:: Dataset extract ::
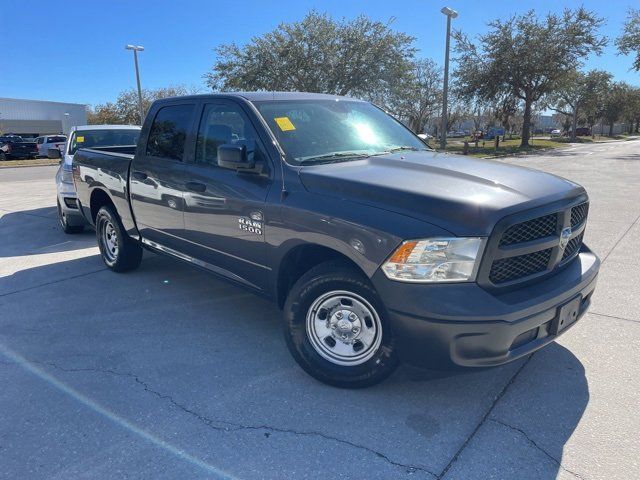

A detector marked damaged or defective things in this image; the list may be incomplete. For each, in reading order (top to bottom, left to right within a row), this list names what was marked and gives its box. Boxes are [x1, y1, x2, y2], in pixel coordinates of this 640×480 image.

crack in pavement [6, 360, 440, 476]
crack in pavement [490, 418, 592, 478]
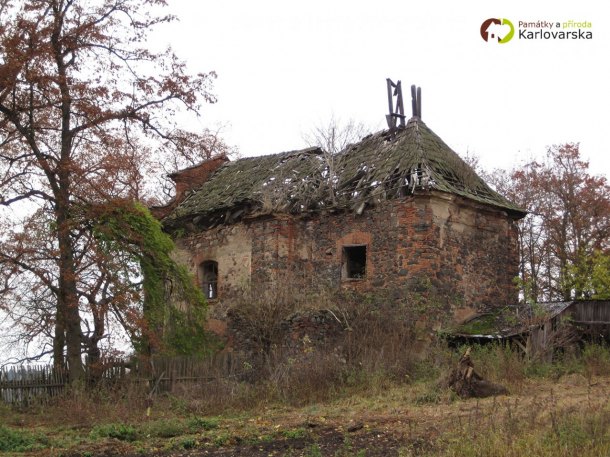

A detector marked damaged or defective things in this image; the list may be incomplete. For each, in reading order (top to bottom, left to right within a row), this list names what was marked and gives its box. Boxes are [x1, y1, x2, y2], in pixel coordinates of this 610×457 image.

broken window opening [198, 260, 217, 300]
broken window opening [342, 246, 366, 278]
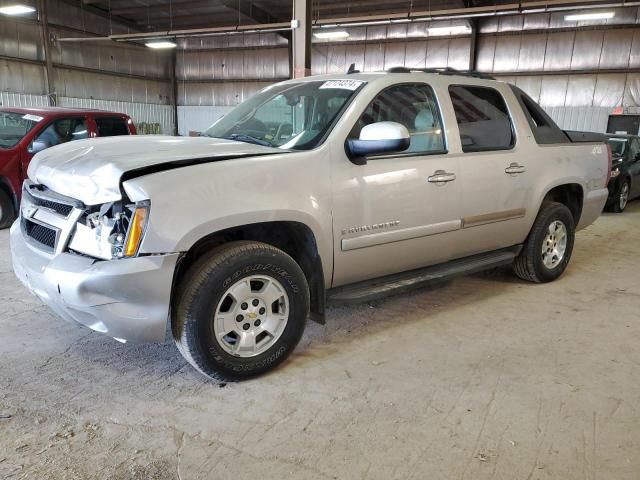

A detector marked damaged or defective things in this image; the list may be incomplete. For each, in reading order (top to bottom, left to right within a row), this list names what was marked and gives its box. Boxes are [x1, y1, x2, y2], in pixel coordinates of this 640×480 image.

cracked headlight [68, 200, 150, 258]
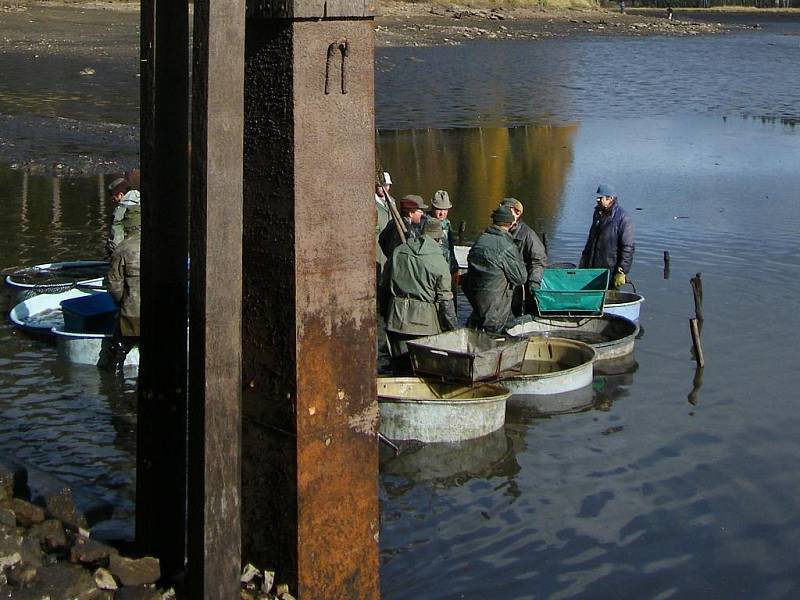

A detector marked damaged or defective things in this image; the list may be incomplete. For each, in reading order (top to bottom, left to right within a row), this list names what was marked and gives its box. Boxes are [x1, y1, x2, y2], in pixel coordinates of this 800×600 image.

rusty metal pillar [137, 0, 190, 580]
rusty metal pillar [187, 1, 244, 596]
rusty metal pillar [239, 0, 380, 596]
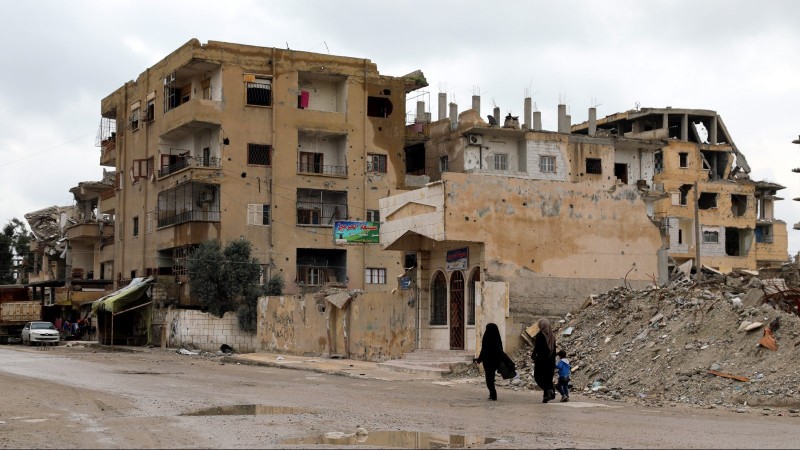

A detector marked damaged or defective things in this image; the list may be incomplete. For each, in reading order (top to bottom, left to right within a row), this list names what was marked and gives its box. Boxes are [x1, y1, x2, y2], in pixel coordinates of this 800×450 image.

damaged multi-story building [95, 38, 424, 310]
broken balcony [296, 129, 346, 177]
damaged multi-story building [380, 100, 788, 354]
damaged multi-story building [572, 107, 792, 272]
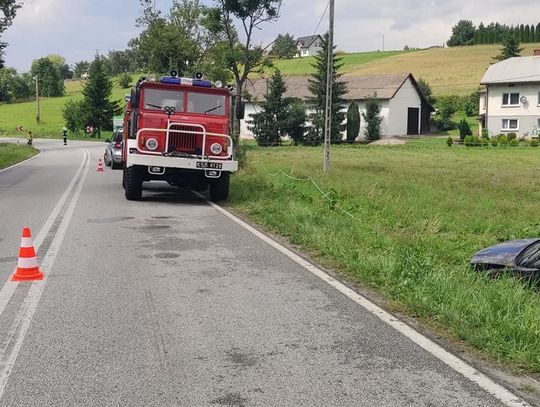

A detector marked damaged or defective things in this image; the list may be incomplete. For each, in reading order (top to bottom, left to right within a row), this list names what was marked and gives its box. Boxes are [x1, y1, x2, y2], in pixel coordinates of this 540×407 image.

overturned blue car [468, 239, 540, 280]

:: What you have to do ::
Write out the lines above from the one containing "this 540×407 image." through the last, exactly as they are.

:: The completed task ::
A detector marked damaged or defective things in this image; the list may be incomplete. For each, in reading order (top to bottom, left to right within a row), this list names what was marked and gives its box. Boxes are [x1, y1, x2, y2], in pixel coordinates of this 540×407 image.

overturned blue car [468, 239, 540, 280]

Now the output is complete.